L'histoire était vue comme récit d'un passé humain, monumental, dramatique ou merveilleux.

Mais plus récemment en Occident, l'histoire a voulu s'émanciper de la littérature, du voisinage de la légende et des mythes.

Elle a commencé par se soucier de chronologie et d'exactitude des faits rapportés.

Au XIXème siècle on a même essayé de fonder le concept de « science historique ».

Pour l'histoire, ce qui importe, c'est le souci de la vérité et même de l'objectivité.

Est-ce là un mouvement nécessaire ? Savons-nous mieux aujourd'hui ce qu'est l'histoire que ne le savaient les premiers historiens ? Faut-il définir l'histoire comme une science ou la considérer comme un genre qui relève de la littérature ? Qu'est-ce que l'histoire ? L'histoire comme récit : · Peut-on considérer l'histoire comme un genre appartenant essentiellement à la littérature ? Il est vrai qu'elle se présente à nous sous une forme qui est celle du récit.

Après tout, le récit est une catégorie littéraire aux côtés du roman de la poésie ou de l'essai.

Un historien est nécessairement un écrivain.

La narration fait de l'histoire une forme littéraire à part entière, dans une langue et suivant des règles qui sont celles de la forme du récit.

Le genre historique se définit par son objet, le récit des événements du passé. Mais il y a récit et récit.

A côté de l'histoire existe aussi la légende qui est un récit qui recourt davantage à l'imaginaire.

La légende tisse de romanesque ce qu'elle emprunte parfois à une trame historique, elle fabrique le héros à partir de l'homme historique.

La légende frappe l'imagination et parle à l'inconscient collectif d'un peuple.

Le mythe joue un rôle similaire, en évoquant le mystère des origines, les puissances de la nature, dans un langage imagé et symbolique.

Ce qui différencie le mythe et la légende de l'histoire, c'est cette dimension symbolique à laquelle ils font appel, tandis que l'histoire elle, - telle que nous la voyons aujourd'hui - reste davantage factuelle.

Le conte populaire n'a pas l'ambition des mythes fondateurs d'une société, mais il véhicule aussi plus que le simple récit historique.

L'imagination populaire développe dans les contes des symboles qui, par exemple, mettent en images les figures du Bien et du mal, du destin, des puissances magiques etc.

Sa vocation est de transmettre une tradition orale de génération en génération, cette tradition qui cimente la culture populaire. · Les premiers historiens avaient-ils eux-mêmes le sens de ces distinctions ? Non.

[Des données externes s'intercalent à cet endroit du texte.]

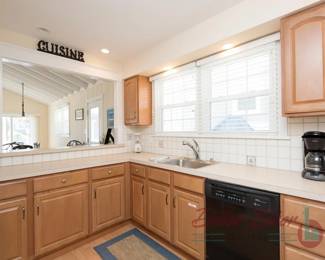 Classic kitchen - perfect for a smaller home or condo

Pas plus qu'ils n'avaient l'idée de dissocier entièrement les catégories « littérature » et « savoir ».

Le conte, la légende, le mythe ont une fonction d'enseignement.

L'histoire aussi.

Ce qui fait la spécificité de l'histoire, c'est qu'elle s'attache à raconter le cours des événements humains et particulièrement de ceux qui ont été considéré comme mémorables.

Hérodote, un des premiers historiens grecs, commence son récit par la déclaration : « voici l'exposé de l'enquête entreprise par Hérodote d'Halicarnasse pour empêcher que les actions accomplies par les hommes ne s'effacent avec le temps ».

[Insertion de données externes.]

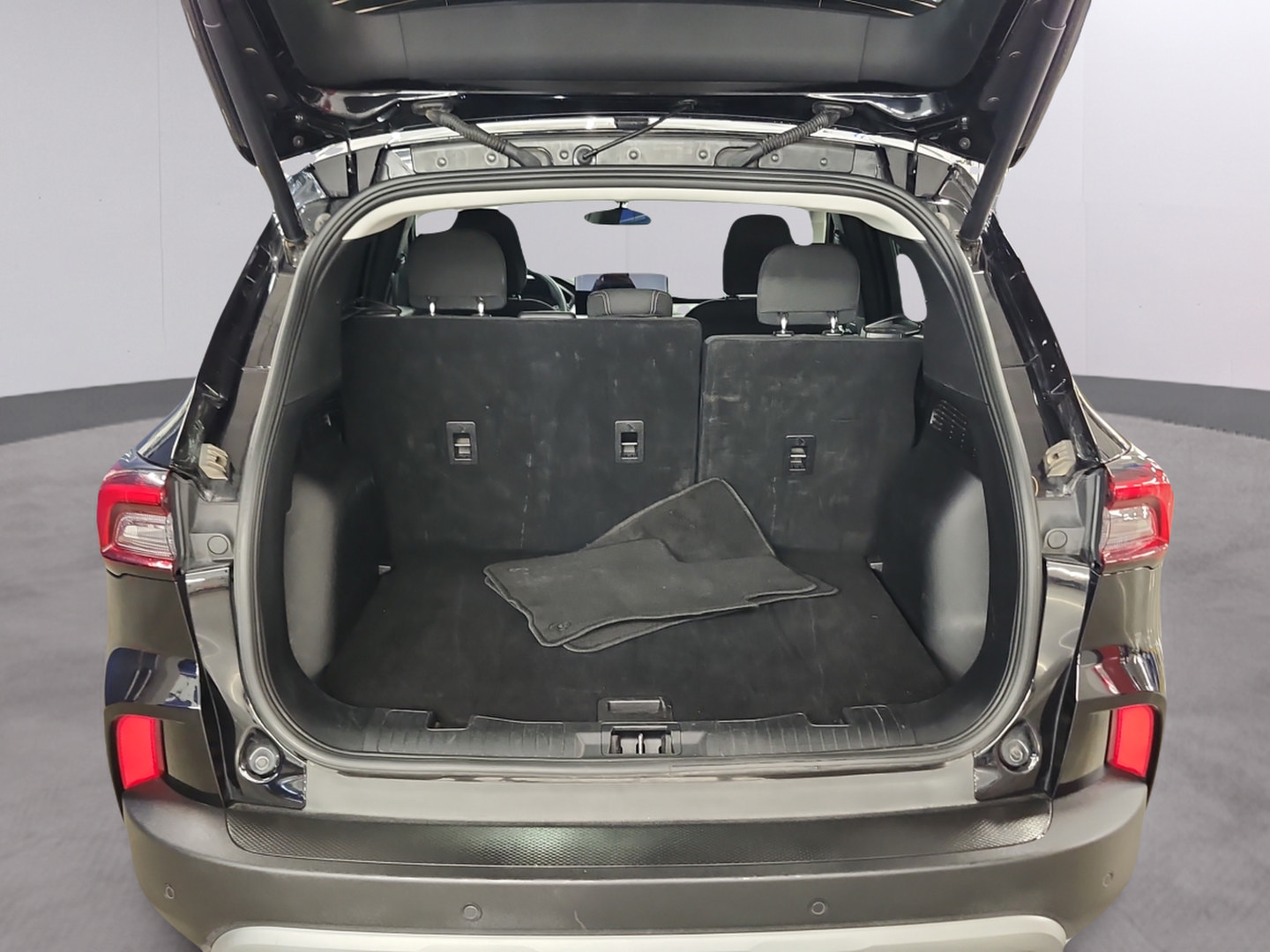 Certified 2025 Ford Escape Active w/ Tech Pack #1 AWD/4WD image 9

Le mot grec istoria signifie enquête au sujet de et non histoire.

Il n'y a pas de mot pour désigner l'histoire chez les grecs.

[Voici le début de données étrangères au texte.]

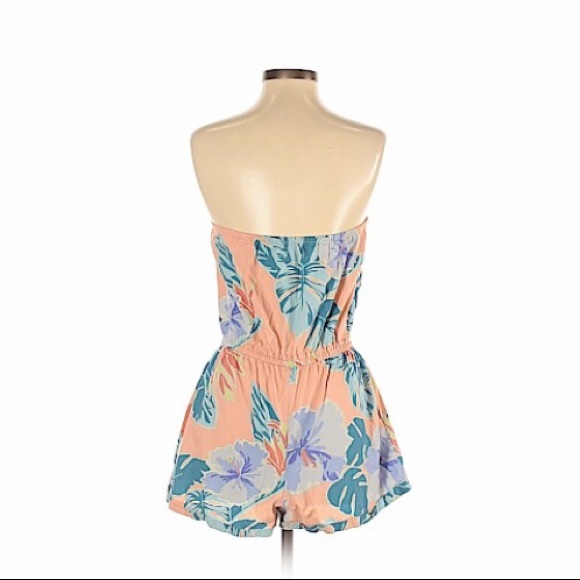 Kimichi Blue Patterned Romper - Picture 5 of 5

Dans l'antiquité on parlait cependant de « récits ».

Le récit a pour mission de combler les lacunes engendrées pas le temps, l'historien par définition assumant le devoir de mémoire à l'égard du passé.

Parce que le temps est un facteur de disparition, parce que le temps amène l'oubli, dilapide le passé, il faut que l'homme, soucieux de sauver le passé, restaure sa mémoire.

L'histoire se doit de construire une mémoire inaltérable.

La vocation première de l'histoire est d'apporter une pérennité au passé.

Le récit historique s'efforce de rétablir la trame des événements dans leur succession et d'être une mémoire fidèle. · La catégorie du récit, en tant que récit du passé, implique aussi une détermination précise de ce que sera le fait historique.

Il ne s'agit pas de raconter n'importe quoi, ni de tout raconter.

La vie de Louis XIV, du point de vue de l'historien, est du matin au soir historique, car tout ce que le roi décidait avait une incidence sur la nation.

Ce que faisait du matin au soir un cardinal de l'évêché nous importe peu.

Qu'il y ait eu le 14 juillet 1789 un accident sur un pont de Paris ne constitue pas un événement historique.

Par contre la prise de la Bastille en est un.

N'importe quel événement n'est pas d'emblée considéré comme un fait historique, il faut encore que par son retentissement il atteigne un seuil d'historicité qui le rende digne de figurer dans l'histoire.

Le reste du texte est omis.